Born this way?

Through extensive reading, I have learned that some transgender folks are not concerned about the answer to the title question. It doesn’t matter to them whether the development of their brain had been disrupted while forming in the womb, if mother might have taken a medicine to cause it, whether it is a genetic thing. Neither are they concerned to learn if it might be a thing of nurture instead of nature: their home environment, or parenting (or lack thereof). What’s done is done, the past is past. Their focus is on today.

Others argue that gender dysphoria should not be classified as a psychological disorder. They are vexed that those, who wish to transition, need a therapist’s letter of recommendation to begin hormone replacement therapy, that they have to live in their desired sex for a minimum of a year before they can have the ultimate surgery, and that they require two therapist’s recommendations for that. They feel they were born the way they were born and everyone is born in a unique way.

I respect them; I feel completely the opposite. My entire life, I did not have a clue why I felt as I did. I had no idea there might even be an answer. When, in 2013, Julie found a study, which might answer the question, I began to devour everything I could and became a student of the science of this.

The study considers the drug, diethylstilbestrol (DES), which was given to mothers to prevent miscarriages. In this study of about 500 males, 60% were certain their mothers took the drug and 40% highly suspected. Of these 500 males, nearly half—47%—report some level of gender dysphoria or transgenderism.

My mom died in 1986, so I would fall in the 40% who highly suspect his mother took the drug. The peak years the drug was prescribed were when Mom was pregnant with me. After my sister, before me, she had two miscarriages.

When I read the report, I cried, “You mean someone did this to me?” I was angry. It didn’t last a minute. I quickly became thankful to finally have the inroads to some answers.

I never knew that the forming brain undergoes three hormone washings in the womb. It is believed the DES, in some or many cases, disrupted the process, creating the disconnect between brain and body, gender and sex.

That study led to the topic of the male hormone, androgen, and a condition called Mild Androgen Insensitivity Syndrome (MAIS). I see significant signs in me, like the fact that I went through puberty way after my peers. That I do not have an Adam’s apple is evidence that androgen was not working when it could have been. And—I love this one—there is a significantly higher incidence of left-handedness in trans people. Yes, I am left-handed. The point? Things to demonstrate that I have a physical condition.

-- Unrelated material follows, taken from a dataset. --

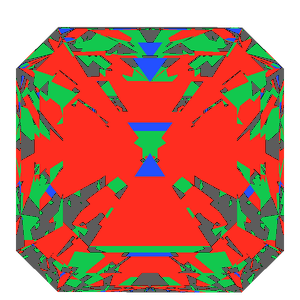 Radiant square cut in diamond tilted 10 degrees: Light Return map, 16% of the face leaking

Some intriguing effects. Men with MAIS often try to rid themselves of their gender dysphoria through typical male activities (check). They are almost always heterosexual (check), therefore they get married and have children (check). They hold advanced educational degrees (check) and get involved at high levels of corporate (in my previous career: check) and academic cultures (check). They remain invisible (check), keeping their gender dysphoria deeply secret due to shame (check) and the risk of ridicule should they be found out (check).

Another suspect is when an expectant mother experiences excessive stress. A study found a significantly higher incidence of the sons being homosexual or gender dysphoric when the pregnant woman was under extreme stress. When pregnant with me, Mom and Dad were in the process of making my oldest brother, Jim, who is profoundly retarded, a ward of the state, because Mom could not care for Jim and three other children. Mom always said it was the hardest thing she ever did.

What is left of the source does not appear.